And then that helps inform exactly what the correct answer should have been or what the desired thing should have been in any one of those rollouts in any point in time. I don't want to dwell on this too much in this lecture, though. It's outside of the scope. You'll hear much more about reinforcement learning in a later lecture.

If you wanted to do segmentation, for example, then you don't want to predict a single vector of numbers for a single image. But every single pixel has its own category that you'd like to predict. So a data set will actually be colored like this, and you have different classes, different areas.

And then instead of predicting a single vector of classes, you predict an entire array of 224 by 224, since that's the extent of the original image, for example, times 20 if you have 20 different classes. And then you basically have 224 by 224 independent soft maxes here. That's one way you could pose this.

And then you back propagate. This here would be slightly more difficult, because you see here I have deconv layers mentioned here. And I didn't explain deconvolutional layers. They're related to convolutional layers. They do a very similar operation, but kind of backwards in some way. So a convolutional layer kind of does these downsampling operations as it computes.

A deconv layer does these kind of upsampling operations as it computes these convolutions. But in fact, you can implement a deconv layer using a conv layer. So what you do is you deconv forward pass is the conv layer backward pass. And the deconv backward pass is the conv layer forward pass, basically.

So they're basically an identical operation, but just are you upsampling or downsampling kind of. So you can use deconv layers, or you can use hypercolumns. And there are different things that people do in segmentation literature. But that's just a rough idea, as you're just changing the loss function at the end.
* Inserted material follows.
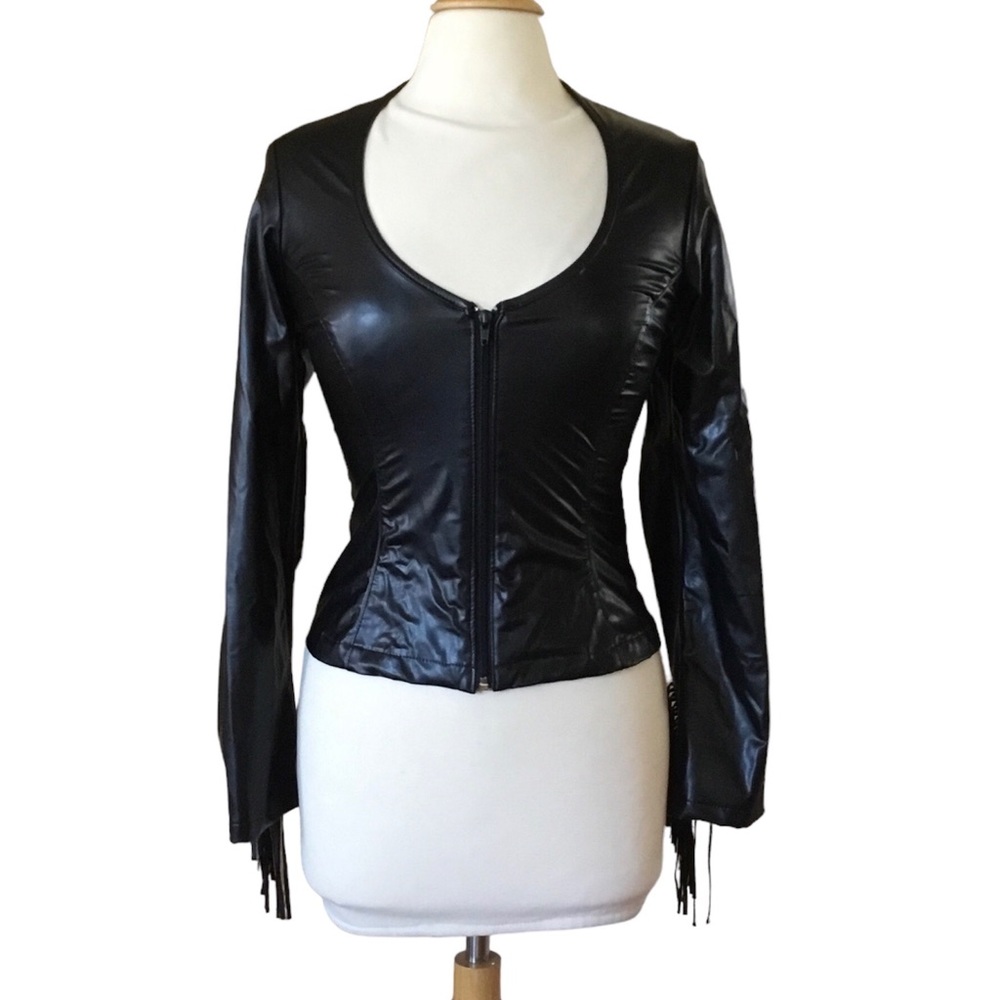 Vintage 80’s 90’s Frederick’s of Hollywood Pleather Back Lace Tie Fringe Jacket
If you wanted to do autoencoders, so you want to do some unsupervised learning or something like that, well, you're just trying to predict the original image. So you're trying to get the convolutional network to implement the identity transformation. And the trick, of course, that makes it non-trivial is that you're forcing the representation to go through this representational bottleneck of 7 by 7 by 512.

So the network must find an efficient representation of the original image so that it can decode it later. So that would be an autoencoder. You again have an L2 loss at the end, and you backprop. Or if you want to do variational autoencoders, you have to introduce a reparameterization layer, and you have to append an additional small loss that makes your posterior be your prior.

But it's just like an additional layer. And then you have an entire generative model. And you can actually sample images as well. If you wanted to do detection, things get a little more hairy, perhaps, compared to localization or something like that. So one of my favorite detectors, perhaps, to explain is the YOLO detector, because it's perhaps the simplest one.

It doesn't work the best, but it's the simplest one to explain and has the core idea of how people do detection in computer vision. And so the way this works is we reduced the original image to a 7 by 7 by 512 feature. So really, there are these 49 discrete locations that we have.

And at every single one of these 49 locations, we're going to predict-- in YOLO, we're going to predict a class. So that's shown here on the top right. So every single one of these 49 will be some kind of a softmax. And then additionally, at every single position, we're going to predict some number of bounding boxes.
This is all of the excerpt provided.